Reputation: 371
I have a .txt file of IPs, Times, Search Queries, and Websites accessed. I used a for loop to break them up into respective indices of a list, I then placed all these lists, into a larger list.
When printed it may look like this...
['4.16.159.114', '08:13:37', 'french-english dictionary', 'humanities.uchicago.edu/forms_unrest/FR-ENG.html\n']
['4.16.186.203', '00:13:54', 's.e.t.i.', 'www.seti.net/\n']
['4.16.189.59', '05:48:58', 'which is better http upload or ftp upload', 'www.ewebtribe.com/htmlhelp/uploading.htm\n']
['4.16.189.59', '06:50:49', 'cgi perl tutorial', 'www.cgi101.com/class/\n']
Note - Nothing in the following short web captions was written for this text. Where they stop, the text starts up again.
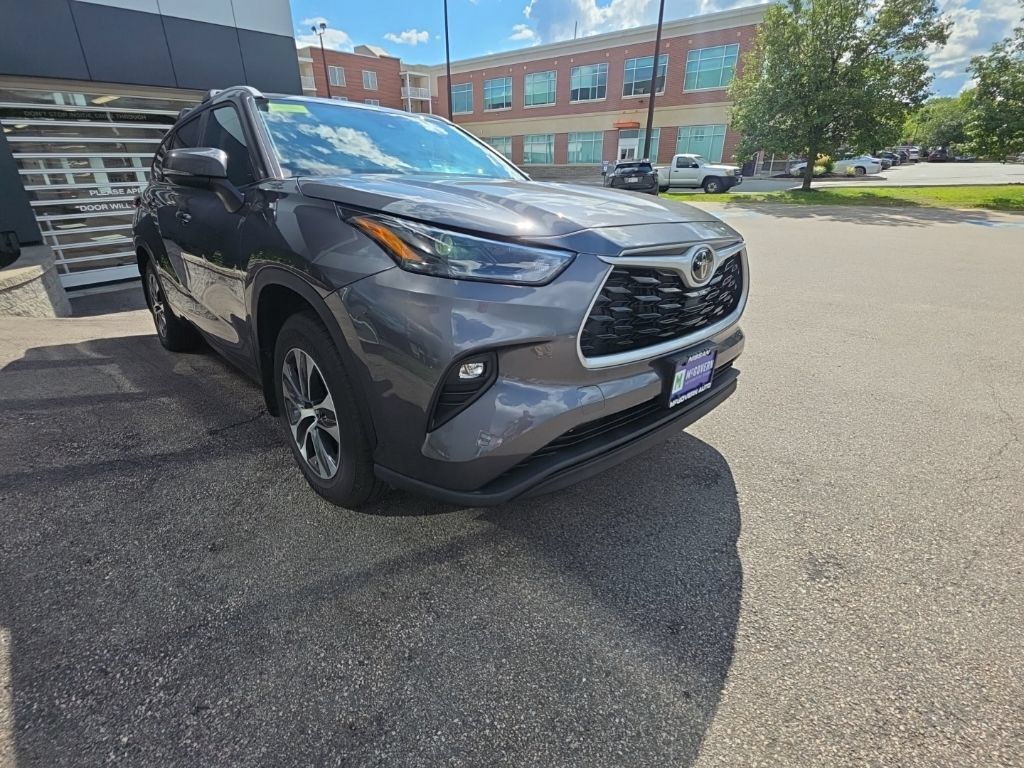 Used 2023 Toyota Highlander XLE AWD/4WD image 9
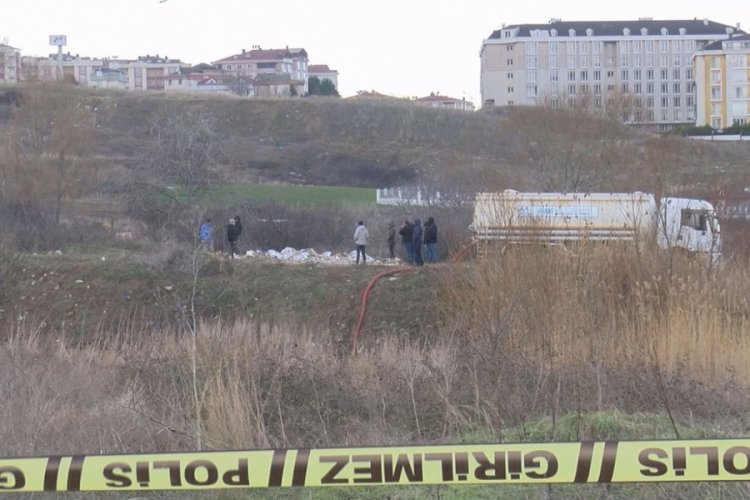 İstanbul B&uuml;y&uuml;k&ccedil;ekmece'de kazı yapılan alanda ceset bulundu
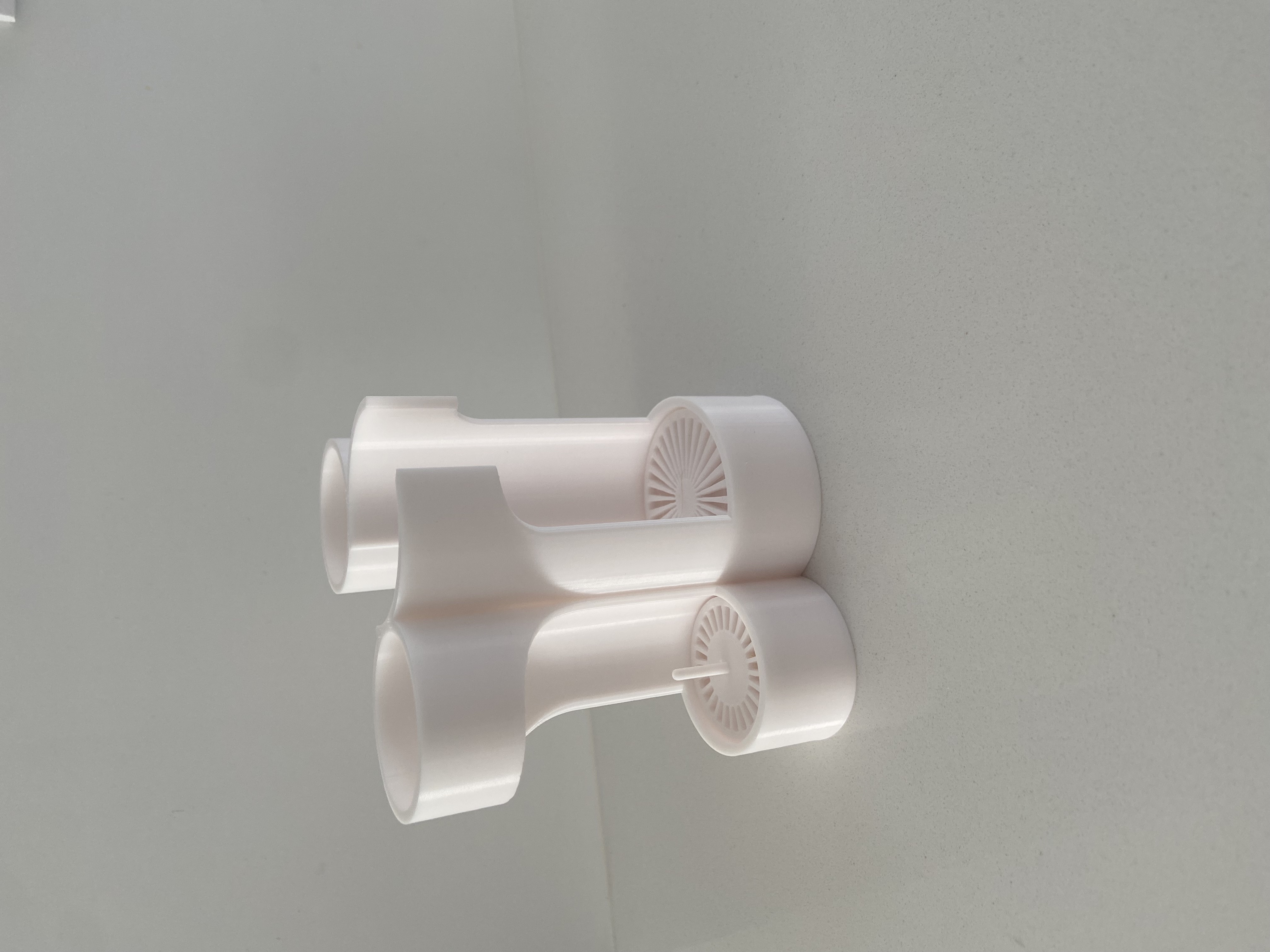 Toothbrush and toothpaste support — thumbnail 3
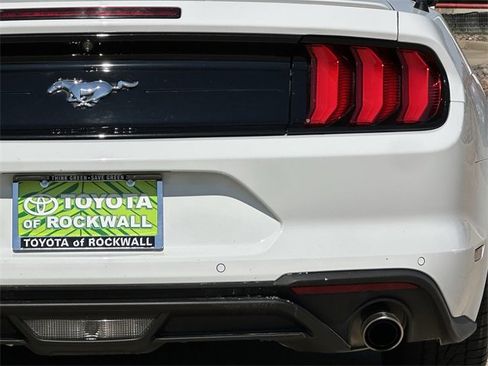 Used 2023 Ford Mustang Premium image 5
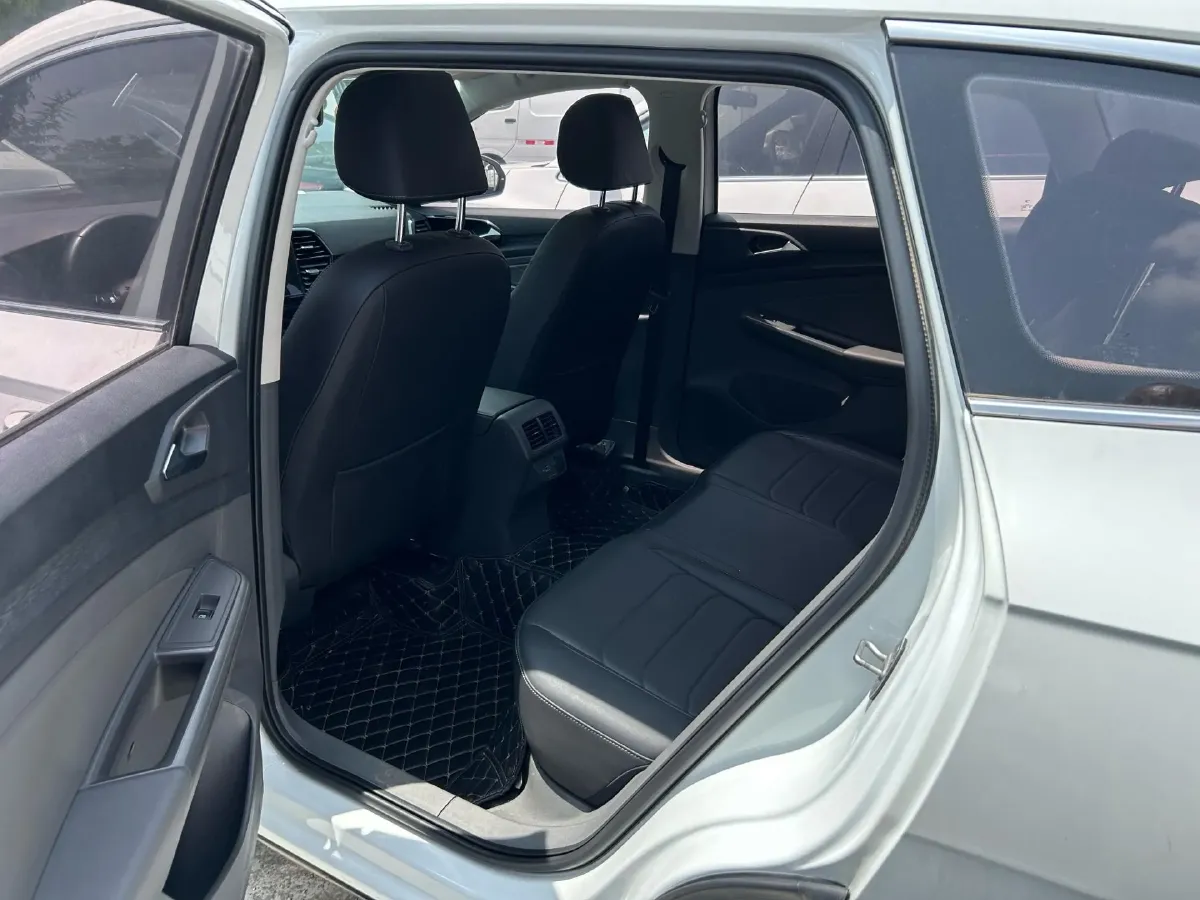 2020 Jetta VS7 1.4T 150HP L4 6AT,autocango,china used car exporter,china ev exporter,chinese used car exporter,chinese used ev exporter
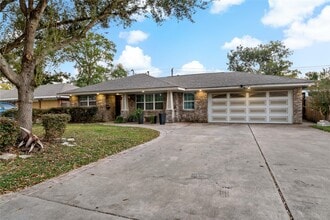 5923 Moonmist Dr in Houston, TX - Foto de edificio - Building Photo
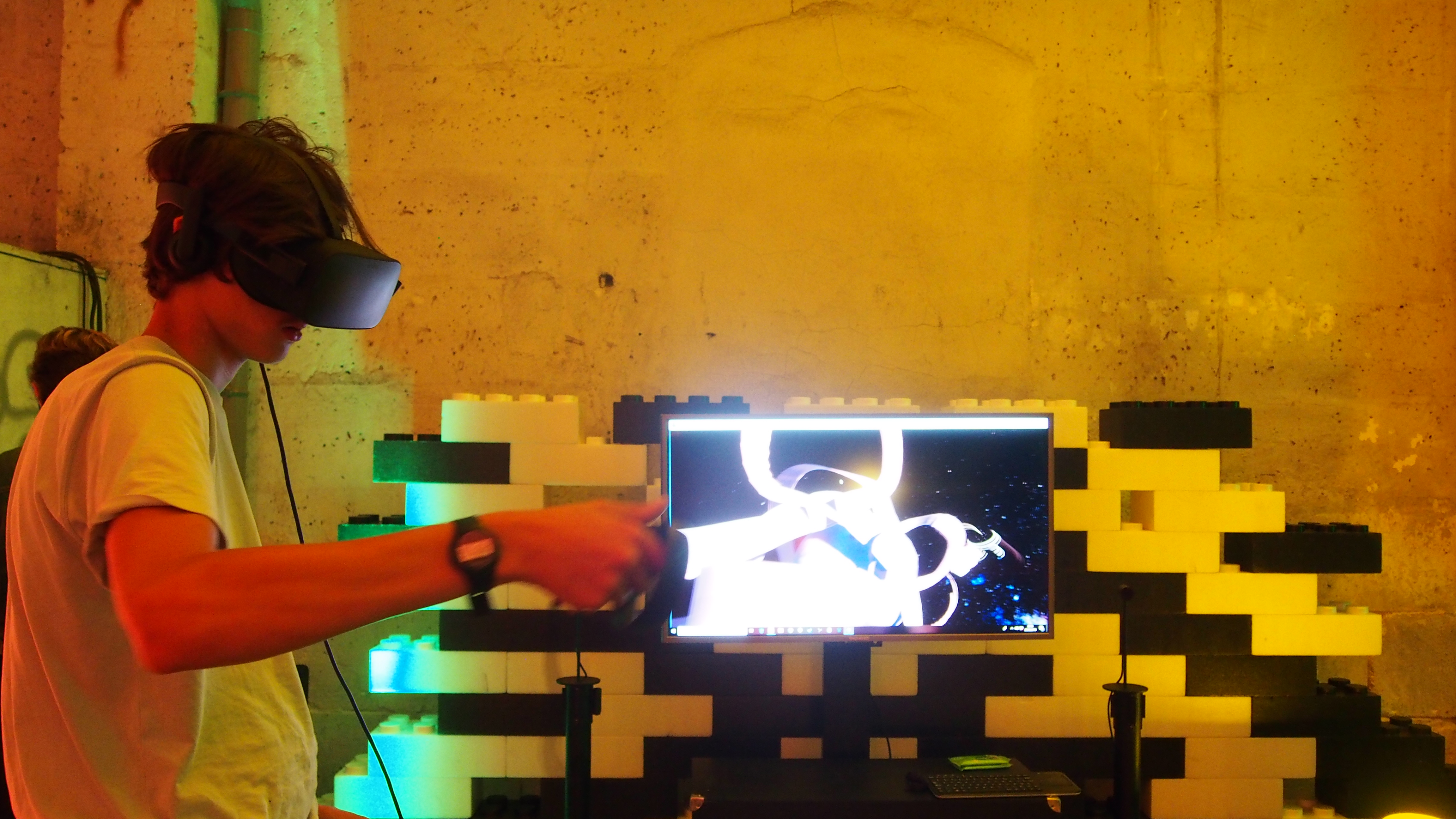 Animation jeux géants réalité virtuelle Anvers terrasse Eilandje printemps · INNOV'events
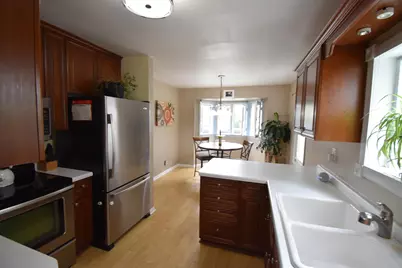 3015 N 85th St, Milwaukee, WI 53222 - Photo 5
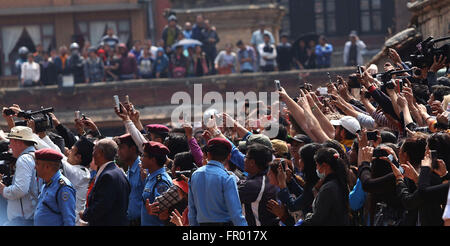 Lalitpur, Nepal. 20 Mar, 2016. La folla tenta di scattare foto durante l'arrivo di British principe Harry a quake hit storiche Patan Durbar Square, un sito patrimonio mondiale dell'UNESCO in Lalitpur, Nepal. © Sunil Sharma/ZUMA filo/Alamy Live News Foto Stock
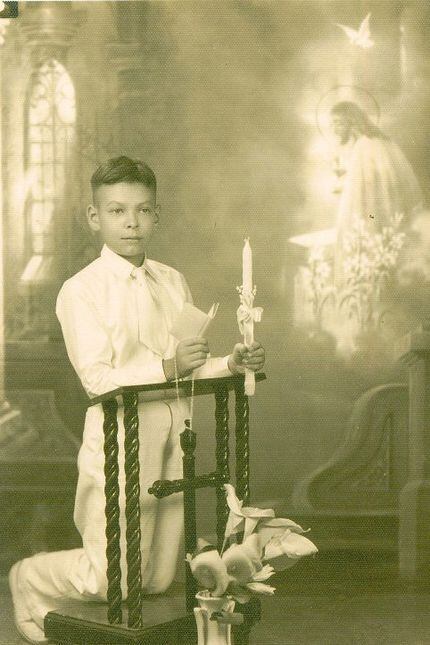 Leonard Chaires nació en una colonia de Laredo y, desde pequeño, cultivó su catolicismo. Su...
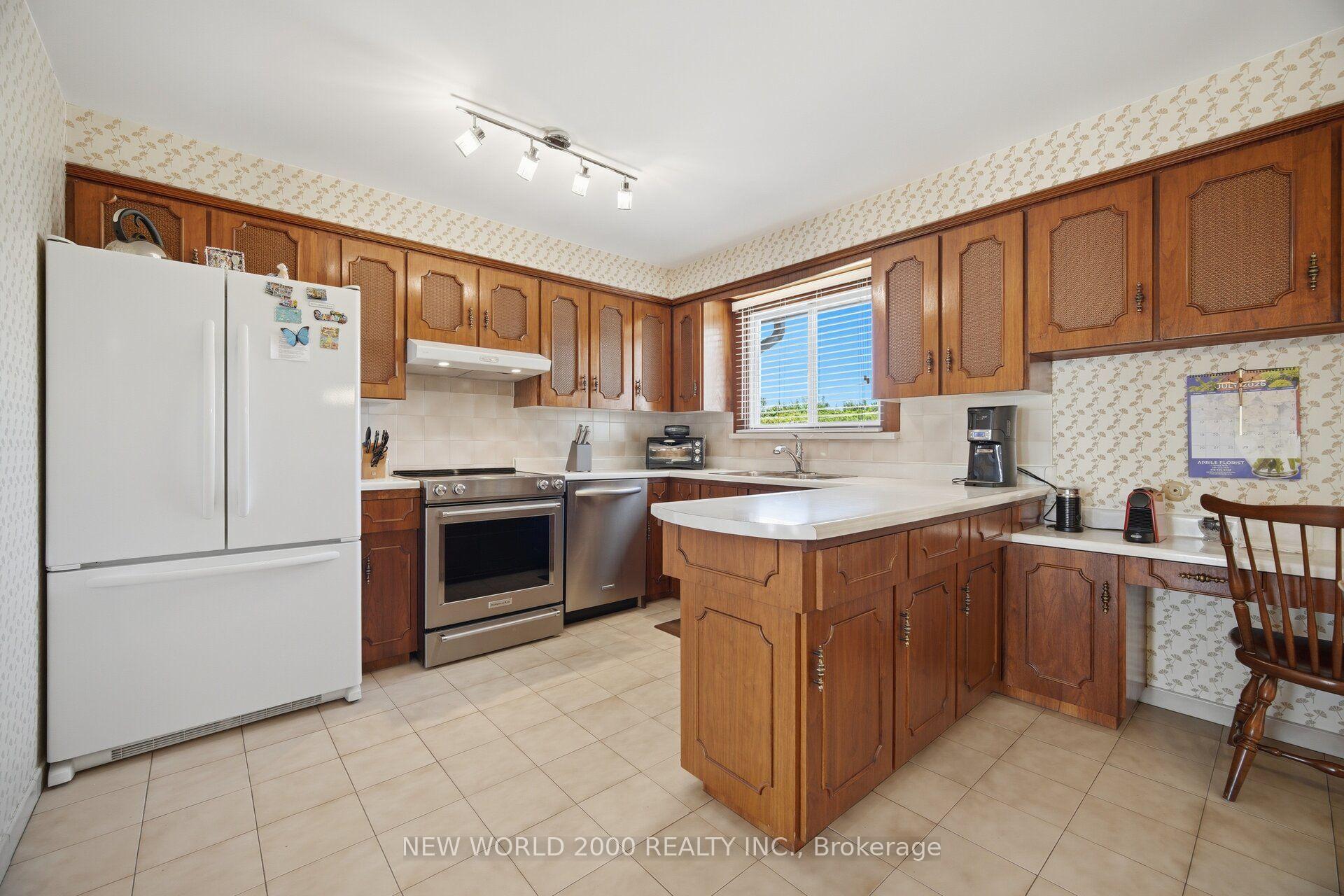 Photo 10 of 48 Clair Road, North York, Glenfield-Jane Heights — HOMEH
['4.16.189.59', '07:16:28', 'cgi perl tutorial', 'www.free-ed.net/fr03/lfc/course%20030207_01/\n']
My code for getting to here looks like so, which is just me scraping this data from a text file, and putting it into a list, then writing to another text file.
import io
f = io.open(r'C:\Users\Ryan Asher\Desktop\%23AlltheWeb_2001.txt', encoding="Latin-1")
p = io.open(r'C:\Users\Ryan Asher\Desktop\workfile.txt', 'w')
sweet = []
for line in f:
x = line.split(" ")
lbreak = x[0].split("\t")
sweet.append(lbreak)
for item in sweet:
p.write("%s\n" % item)
My issue here is the 3rd index in the each list, within the sweet list or [2], which is the search query (french-english dictionary, s.e.t.i, etc.). I do not want multiples in the 'sweet' list.
So where it says 'cgi perl tutorial' but twice, I need to get rid of the other search of 'cgi perl tutorial', and only leave the first one, within the sweet list.
I can't use set for this I don't think, because I only want it to apply to the 3rd index of search queries, and I don't want it to get rid of duplicates of the same IP, or one of the others.
Upvotes: 2
Views: 130
Reputation: 446
Add lbreak[2]
to a set, only append line that lbreak[2]
not in the set, something like:
sweet = []
seen = set()
for line in f:
x = line.split(" ")
lbreak = x[0].split("\t")
if lbreak[2] not in seen:
sweet.append(lbreak)
seen.add(lbreak[2])
Upvotes: 3
Reputation: 11
Use a dict, with the query as the key and the entire list as the value. Something like this (untested):
sweet = {}
for line in f:
...
query = lbreak[2]
if query not in sweet:
sweet[query] = lbreak
If you wanted the last instance of each query instead of the first, you could just lose the if
, and do the assignment unconditionally.
Upvotes: 1